"Alibaba Group has decided to commence the process of an initial public offering in the United States," said Hangzhou, China-based e-commerce company Alibaba Group. "This will make us a more global company and enhance the companys transparency, as well as allow the company to continue to pursue our long-term vision and ideals. Should circumstances permit in the future, we will be constructive toward extending our public status in the China capital market in order to share our growth with the people of China.
"We wish to thank those in Hong Kong who have supported Alibaba Group. We respect the viewpoints and policies of Hong Kong and will continue to pay close attention to and support the process of innovation and development of Hong Kong."

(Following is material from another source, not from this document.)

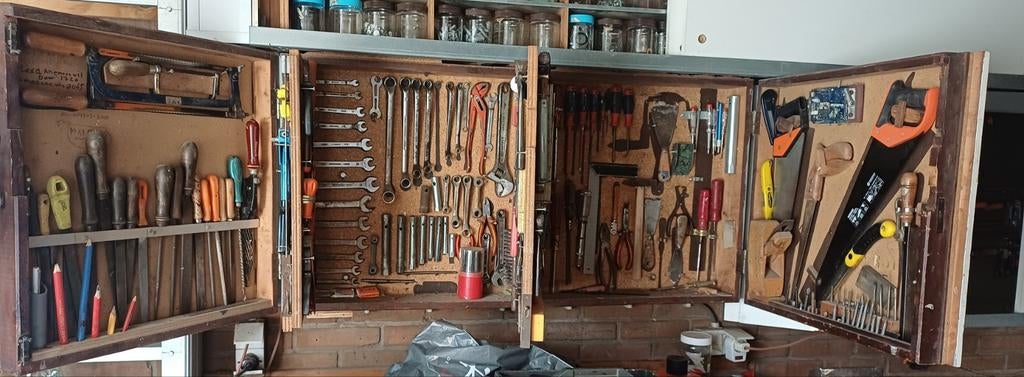 Gereedschapkast inclusief gereedschap, Ophalen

The China-based company controls about 80 percent of the country's e-commerce. Alibaba's planned IPO would be the highest-profile Internet listing since Facebook's $16 billion deal in 2012.
Twitter-like messaging service Weibo Corp has filed on Friday to raise $500 million via a U.S. initial public offering.
Weibo, owned by Sina Corp, warned investors in its Friday IPO filing about uncertainty arising from Chinese government regulation.
Since September, Chinese internet users who make or share information considered defamatory or false could face up to three years' jail time in China.
The company also warned about potential government intervention in its encryption tools and software.
The U.S. IPO will be handled by Goldman Sachs and Credit Suisse. The filing, which was published by the U.S. Securities and Exchange Commission on Friday, does not list a proposed IPO date or share price.
The GoDaddy Group Inc is also reportedly preparing for a second run at an initial public offering, according the Wall Street Journal.
The company is in the process of selecting underwriters for its IPO, the report claims.
The Internet domain registrar did not confirm the report.